# Turning car audio into home audio?



## BKJT05 (Apr 10, 2007)

I tried to plan a budget system for my Jeep WJ, but I'm not happy with the sound it makes. Not really horrible, but not good enough for me. I've started my upgrades on the Jeep and was wondering if there was a simple way to take my sub, amp, and components and build a simple iPod dock, simple loud speaker for DVD viewing? 

What would I need?


----------



## BKJT05 (Apr 10, 2007)

Doing some research, and I've came to the conclusion that ill ill need is a amplified reciever to set up a simple 2.1 system? Right? 

As for building boxes for my components, is there is size requirements or can I build a simple setup with x-overs inside?


----------



## DynaudioNut (Jan 1, 2010)

Excellent thread. I hope photo's will be included!!


----------



## BKJT05 (Apr 10, 2007)

Ouch, just trying to get some help, my fault


----------



## asoggysponge (May 14, 2013)

BKJT05 said:


> Doing some research, and I've came to the conclusion that ill ill need is a amplified reciever to set up a simple 2.1 system?

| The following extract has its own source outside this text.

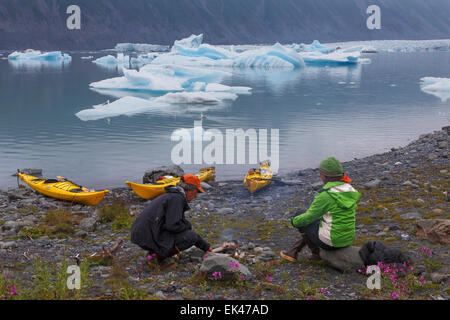 Kayak et camping au Lagon Bear Glacier, Kenai Fjords National Park, près de Seward, en Alaska. (Modèle 1992) Banque D'Images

Right?
> 
> As for building boxes for my components, is there is size requirements or can I build a simple setup with x-overs inside?


Many home receivers are only stable down to 8ohms, your speakers are probably 4ohm. I have one that is 4ohm/8ohm switchable, so they exist but you need to watch for this. Or find a home audio amplifier that is 4ohm stable. Use WinISD to model the speakers if you can find the T/S specs.

If you have amplifiers that were used in the car that you are not using, you could look into getting a power supply. People have used computer power supplies (myself included) however I would not recommend it. Car equipment is designed for low voltage/high amperage use so it would need to be a pretty high amperage supply (about 25amps for 100watts). They typically put out a lot of noise as well. You're better off finding a home audio amp.

In the end you probably won't end up liking the way the sound. IMO sell the gear and get home audio equipment. Car speakers are car speakers for a reason. The sub will be easier to deal with though.


----------



## Changchung (Aug 15, 2012)

Check mine;










You just need a 12v DC power supply, you can find it in ebay, I am using a 30amp for a LAsound 4x35 amp and a Linear Power eq. Sound great with a pair of a Infinity 5 1/4 components, a pair of 5 1/4 clarion and a pair of midrange. The Crown amp is for a 12" sub powerbass


Sent from my phone with camera with flash and internet on it...


----------